Pulmonary Function Studies
Spirometry
The spirometer was originally invented in the 1840 by John Hutchinson, an English surgeon. The device (which was as tall as an adult patient) was essentially a calibrated bucket that was placed upside down in water. The volume of exhaled air from fully inflated lungs could accurately be measured by exhaling into a tube leading into the bucket. Dr. Hutchinson coined the term vital capacity (i.e.,capacity for life), when he realized that compromise of this crucial measurement was predictive for premature mortality.
Because of the strong correlation he identified between vital capacity and mortality, Hutchinson argued that his Vital Capacity should be utilized in actuarial predictions for life insurance policies. Sadly for Hutchinson, neither the spirometer nor its measurements were accepted by the medical field or the insurance industry.
What do you think was the most likely cause of the reduction in vital capacity that Hutchinson was measuring in 1840?
Interest in spirometry was renewed on a wider scale in mid 20th century when it was observed that the predominant respiratory disorders (asthma and COPD) were obstructive (limited flow rate) in nature. In 1950 Dr. Tiffeneau of France introduced the forced measurement of air volume during a given time frame, i.e., forced expiratory volume in 1 second, FEV1.
Spirometry is now widely available and may be utilized in almost all clinical scenarios, even in the home environment.
An importance consideration in the interpretation of spirometry is that the results of the exam are determined not only by the underlying pathophysiology of the patient, but also the engagement of the patient AND the person performing the study.
A paradox of the medical office environment is that the person with the least amount of clinical experience is often assigned the measurement of vital signs. In settings where spirometry is infrequently performed, the quality of the data tends to suffer. There is an old adage of medical testing Crap In - Crap Out. Attempting to interpret bad spirometrymay cause more problems than having no data at all.

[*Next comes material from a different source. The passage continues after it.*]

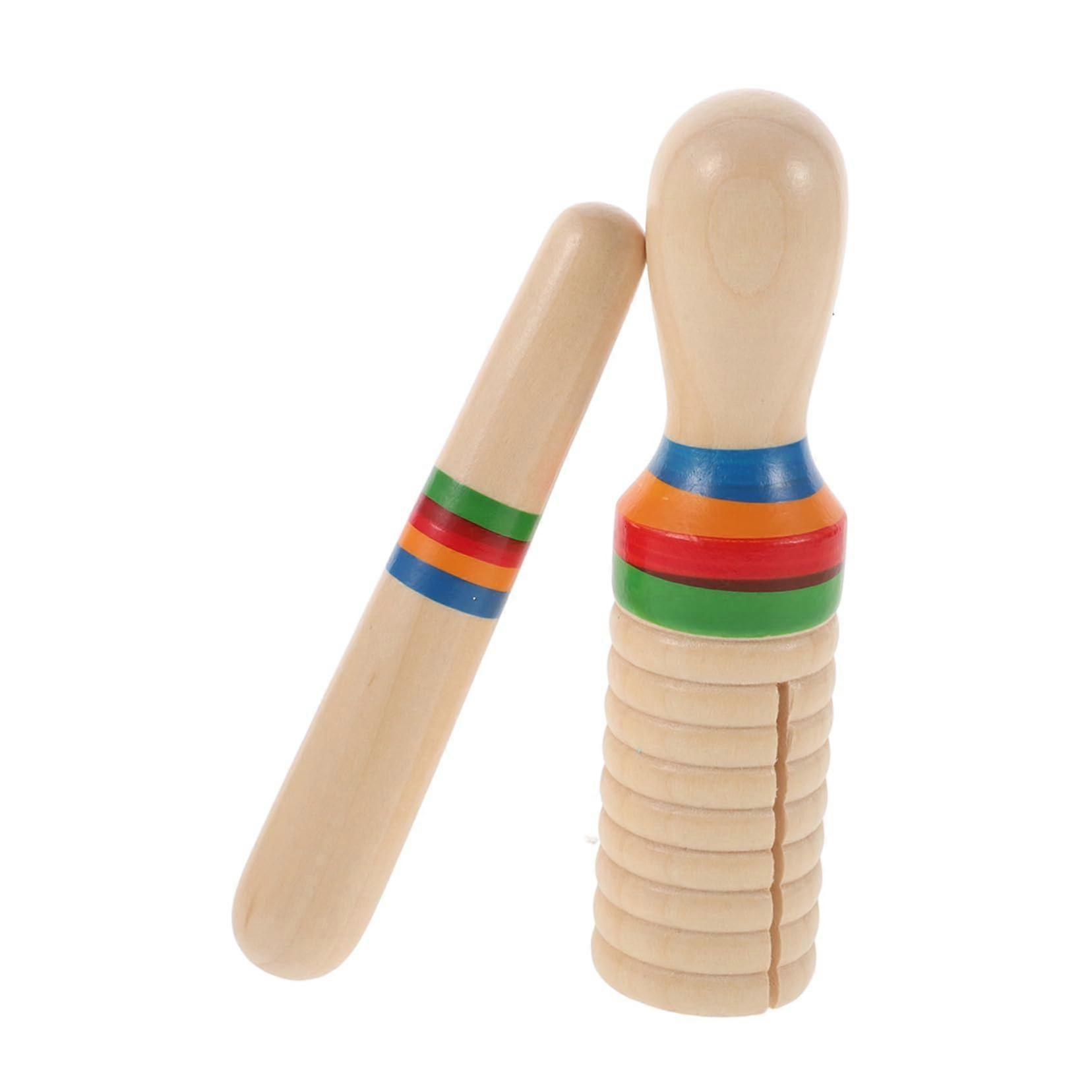 Wooden Percussion Instruments Set for Kids with Mallet, Clear Tone, Rhythm Skill Development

System for Interpreting Spirometry
Much like interpreting an ECG, the evaluation of spirometry should be approached in a systematic fashion.
- Is Obstruction present?
- Is Restriction present?
- What is the severity of the respiratory defect?
- What is the quality of the exam?
- Is there any evidence of large airway dysfunction?
To answer these questions you will need just five parameters from the spirometric data:
- Volume of air exhaled in the first second (FEV1)
- Volume of air exhaled by the end of the breath (Vital Capacity or FVC)
- Ratio of FEV1/FVC sometimes referred to as FEV1%
- Flow-Volume Loop
- Volume Time Loop
What is “normal”?
From the onset of spirometry there has been a debate surrounding the definition of "normal". Early on it was recognized that lung function varied widely among individuals. Some of this variability was due to underlying disease processes, but much of it was due to normal physiologic differences between individuals. In an effort to standardize the interpretation, researchers measured and created regression equations of healthy volunteers. This has led to a plethora of prediction equations over the years that can vary quite a bit on the resultant % predicted for a given individual. While there is no offical standard one must be aware of the prediction equation being utilized by the spirometer in use. Fortunately since the definition of a milliliter is constant, the raw data for spirometry is comparable across devices. In the present day most spirometers have adopted the Global Lung Initiative (GLI) prediction equations as the default for spirometry. The GLI database is the largest and most diverse database of spirometry prediction equations ever assembled and continues to grow.
I have had the personal experience of interpreting serial spirometric data to be concerned or encouraged by a significant change in the % predicted only to find on closer assessment the the change was not in the patient’s lung function but in the default prediction equation of the spirometer. Hence my current habit of recording but the absolute values AND % predicted in my clinical notes.
From the early studies in spirometry it became apparent that four factors correlated the most strongly with the measured values for lung function:
- Age
- Height
- Gender
- Ethnicity
In order for these parameters to be useful they must be entered correctly. If you ever get a spirometry report with non-sensical precent predicted, the first place to look is the demographics
What demographic do you think is the most common erroneous entry for calculation of precent predicts and why?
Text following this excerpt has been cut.